There is a good chance you found us accidentally by using the word “taint” in your search (If you found us on purpose, you deserve our accolades). Of course, we don’t know what you were looking for, but you stumbled on a damn cool project. Look around; let us help send you on a musical journey. Here you will find a number of album reviews from the strange and extreme to the tame and mainstream. Our reviewers are a bunch of obsessive miscreants. Most of us are avid music collectors and have been involved in the music world for decades. A couple of us have been in or are still in bands.

There are no rules on Tickle Your Taint Blog. Our reviewers might make you laugh, or piss you off; both results are legitimate. One reviewer might write a glowing review of an album; another might tear it apart. We may have a new review every week, or we could end up with one every six months. This blog exists as a social experiment to build community among a diverse group of music maniacs – our reviewers and hopefully you.
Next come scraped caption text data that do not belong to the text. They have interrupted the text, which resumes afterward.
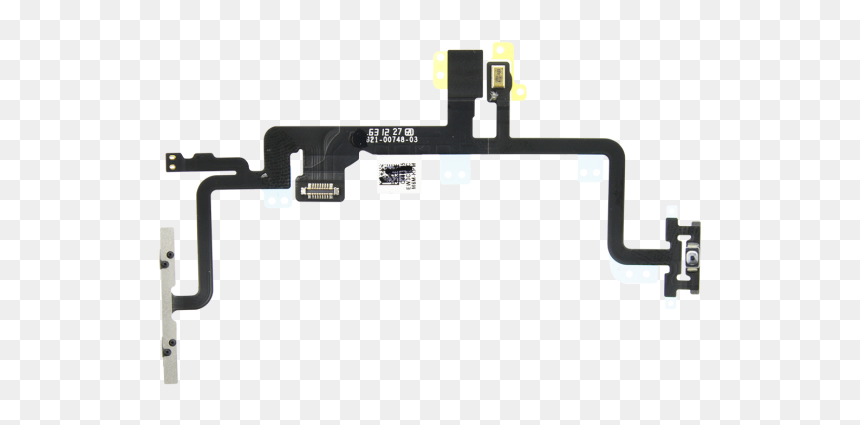 Iphone 7 Plus Power And Volume Buttons Cable - Iphone 7 Plus Power Cable, HD Png Download - volume button png
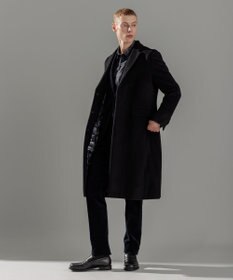 JOSEPH HOMME グロッシーウール 　チェスターコート　＜裏地：フォトコラージュプリント＞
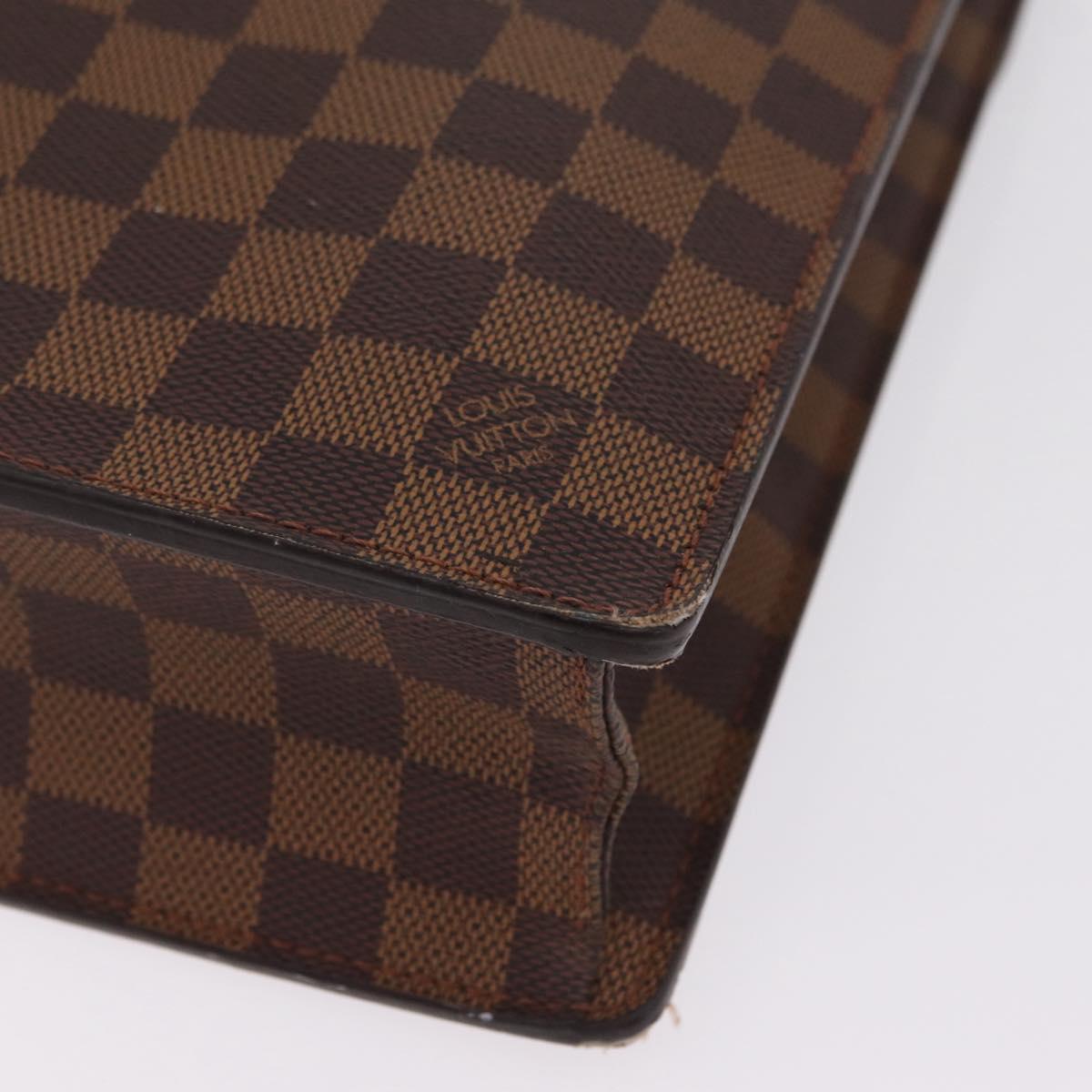 LOUIS VUITTON Damier Ebene Altona PM Briefcase N53315 LV Auth 207585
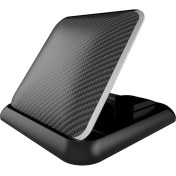 Resim ZSZH Araba Karbon Fiber Doku Silikon Cep Telefonu Tutucu 3.5-6.8 Inç Cep Telefonu Için-Siyah (Yurt Dışından) 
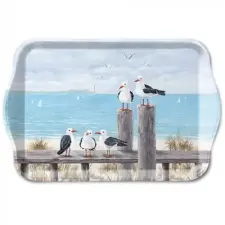  AMB.13718170 Seagulls on the dock műanyag kistálca 13x21cm konyhai eszköz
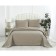 A set with a blanket "Roxalan", size 160x220 cm, 50x70 cm, color of coffee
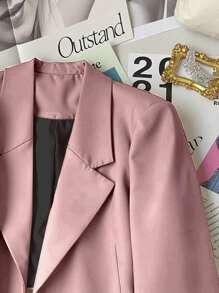 Franclia 女士短款休闲西装外套、工作和日常穿着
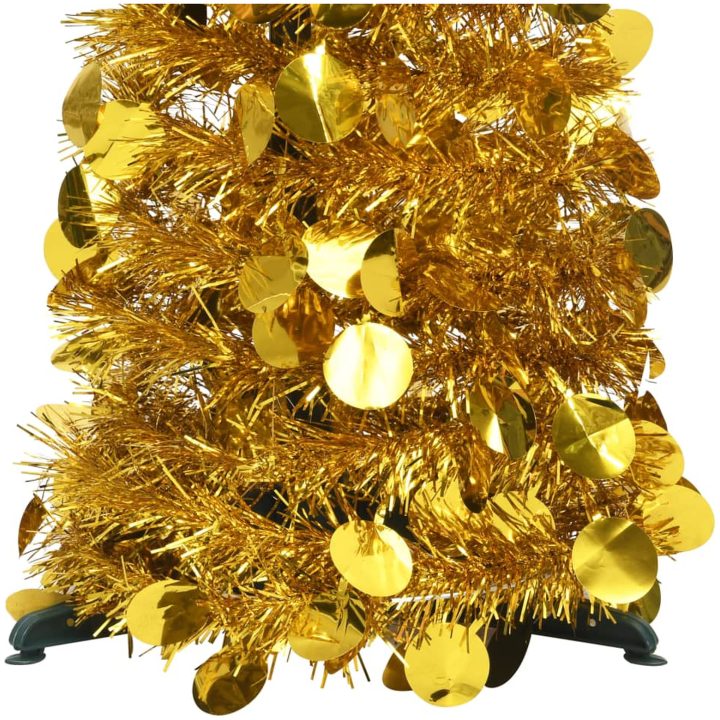 Pop-up plastgran guld 180 cm PET vidaXL 180 x 45 cm – bild 2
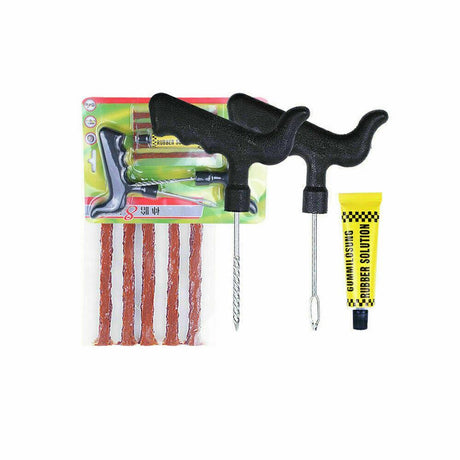 8Pcs Tyre Repair Kit Tire Puncture Emergency Tool Motorcycle Bike Car Tubeless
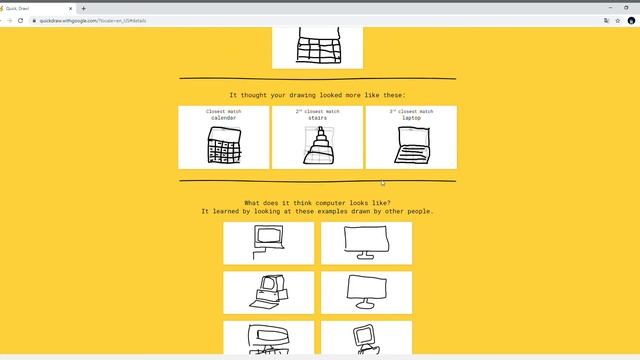 Учимся рисовать с гуглом. Quick, Draw смотреть онлайн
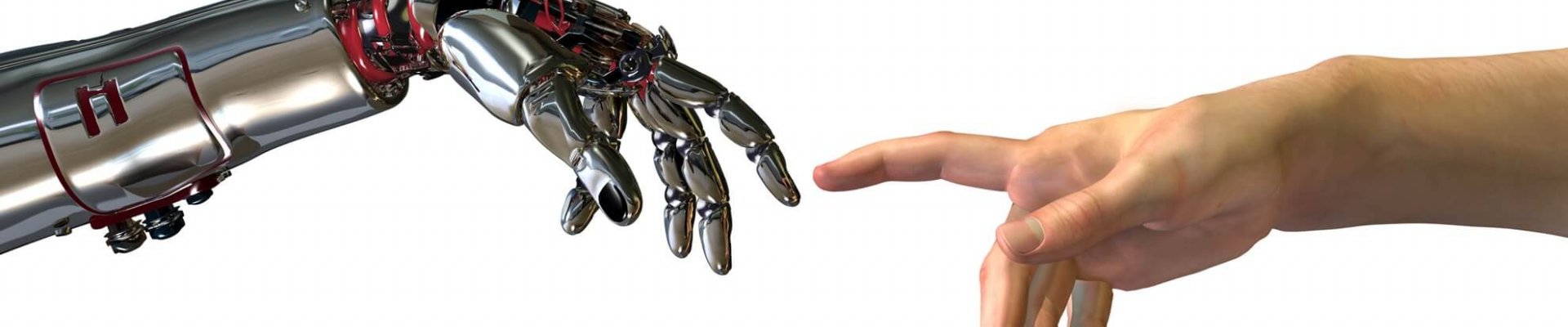 mano robot y mano humana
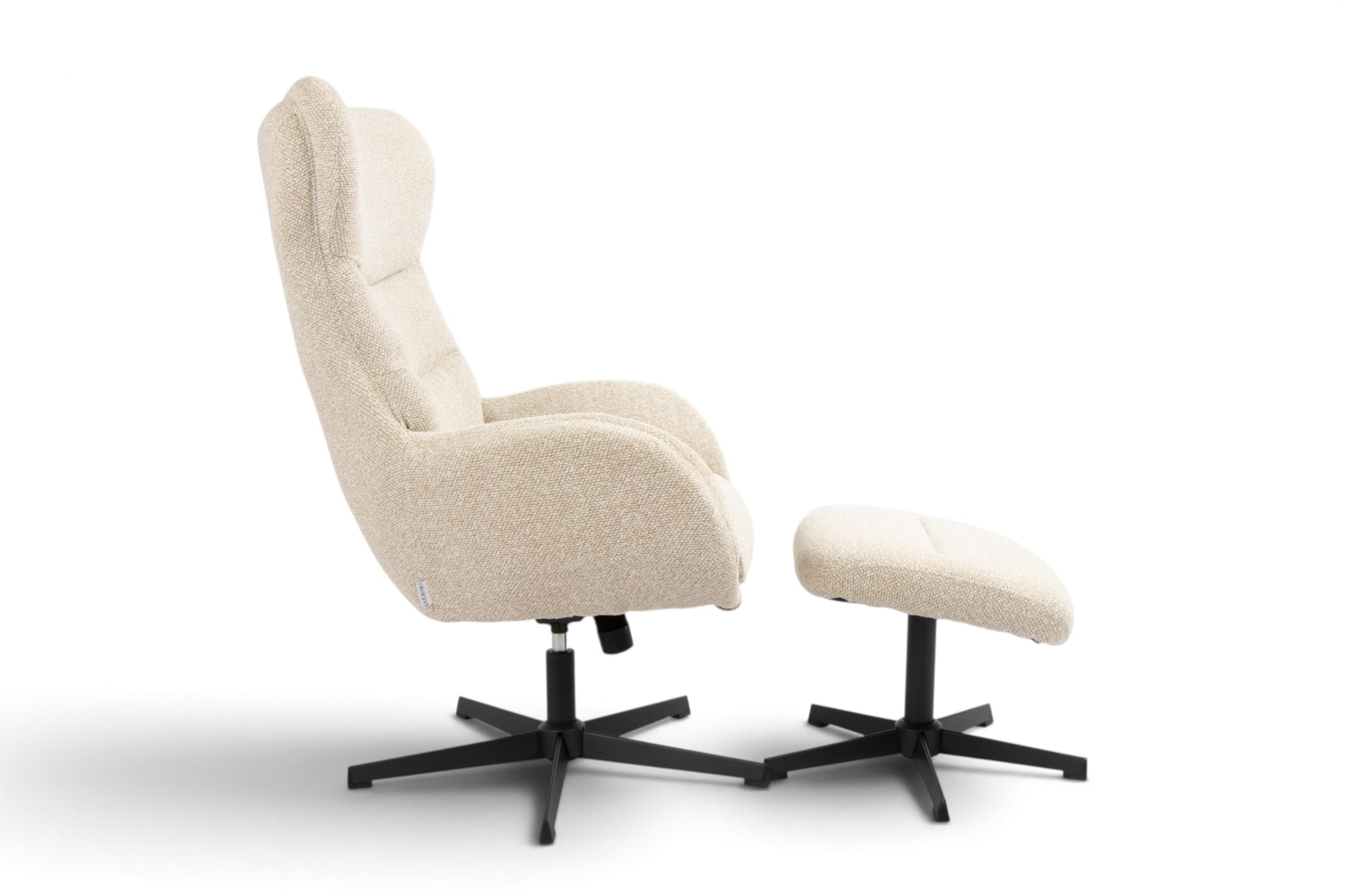 Marion Hvilestol Med Fotskammel Beige miniatyr 2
Wednesday, August 16, 2017

Katy Perry and Taylor Swift: An Exercise in Self-Flagellation


Katy Perry, Witness (Capitol Records, 2017)
Taylor Swift, 1989 (Big Machine Records, 2014)

by Kloghole

God, I fucking hate sociologists. Well, not all of them, but most of them. I was sitting in the Montreal airport waiting for my plane, surrounded by the din of sociologists describing their “white people problems” to each other. “Montreal is so hard to get to. At least in Philly, my friends run a day care where I can leave my kids during the day. I’ll pay them of course, but…” Now, I am fucking edgy and sitting on the fucking plane. I try to create a quiz for my Intro class, but the whole first part of the chapter is on theories of psychology. I thought I assigned a fucking Intro to Sociology textbook. Don’t we have any fucking theories of our own regarding culture? Fuck. So, I throw down my glasses, and I can now faintly hear what sounds to me like the bubblegum catterwalling of some underfed pop diva. My mind flashes back to a terrifying memory and the awful reality that I agreed to review Katy Perry and Taylor Swift. So, as I sit on the plane, I craft this little gem right next to the poor fuck with so little self-respect he cannot bother to indulge a musical genre that isn’t chartworthy.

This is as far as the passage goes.